We will rewrite the expression to match the standard form. Let's consider:

\[
\lim_{x \to 0} \frac{\sin(5x)}{x}.
\]

We can manipulate this by multiplying and dividing by 5:

\[
\lim_{x \to 0} \frac{\sin(5x)}{x} = \lim_{x \to 0} \left( \frac{\sin(5x)}{5x} \cdot 5 \right).
\]

Now, we can separate the constant 5 from the limit:

\[
= 5 \cdot \lim_{x \to 0} \frac{\sin(5x)}{5x}.
\]

Next, we recognize that if \(u = 5x\), as \(x \to 0\), \(u \to 0\) as well. Therefore:

\[
\lim_{x \to 0} \frac{\sin(5x)}{5x} = \lim_{u \to 0} \frac{\sin(u)}{u} = 1.
\]

Substitute this result back:

\[
= 5 \cdot 1 = 5.
\]

Thus, the limit is:

\[
\boxed{5}.
\]

Would you like more details on this solution, or have any questions?

Here are five related questions to explore further:

1. What is the limit of \(\frac{\sin(3x)}{x}\) as \(x \to 0\)?
2. How do you find the limit of \(\frac{\tan(x)}{x}\) as \(x \to 0\)?
3. Why is the limit \(\lim_{x \to 0} \frac{\sin(x)}{x} = 1\) fundamental in calculus?
4. How would the limit change if the function were \(\frac{\sin(x)}{x^2}\) as \(x \to 0\)?
5. What is the Taylor series expansion of \(\sin(x)\), and how does it relate to limits?

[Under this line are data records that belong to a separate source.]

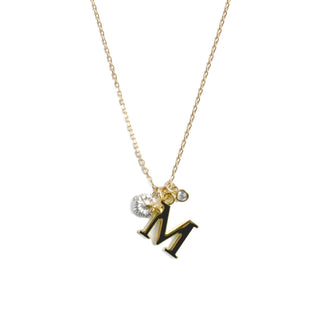 Letter M Alphabet Pendant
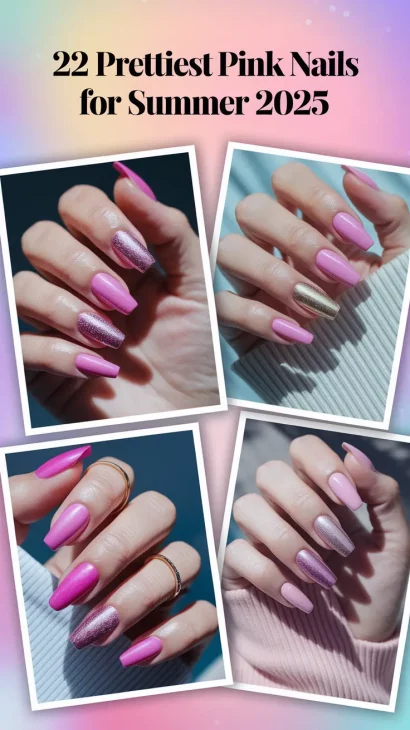 Prettiest Pink Nails for Summer 2025: Stunning Designs to Try This Season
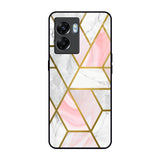 Geometrical Marble Oppo K10 5G Glass Back Cover Online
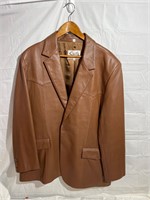 Scully leather sportcoat size 46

**Tip:** Remember that many trigonometric limits can be solved using small-angle approximations or Taylor series expansions!

Discover how to solve the limit of sin(5x)/x as x approaches 0 using key calculus concepts and the standard trigonometric limit formula. This detailed solution explains each step and is ideal for students in Grades 11-12 or introductory calculus courses.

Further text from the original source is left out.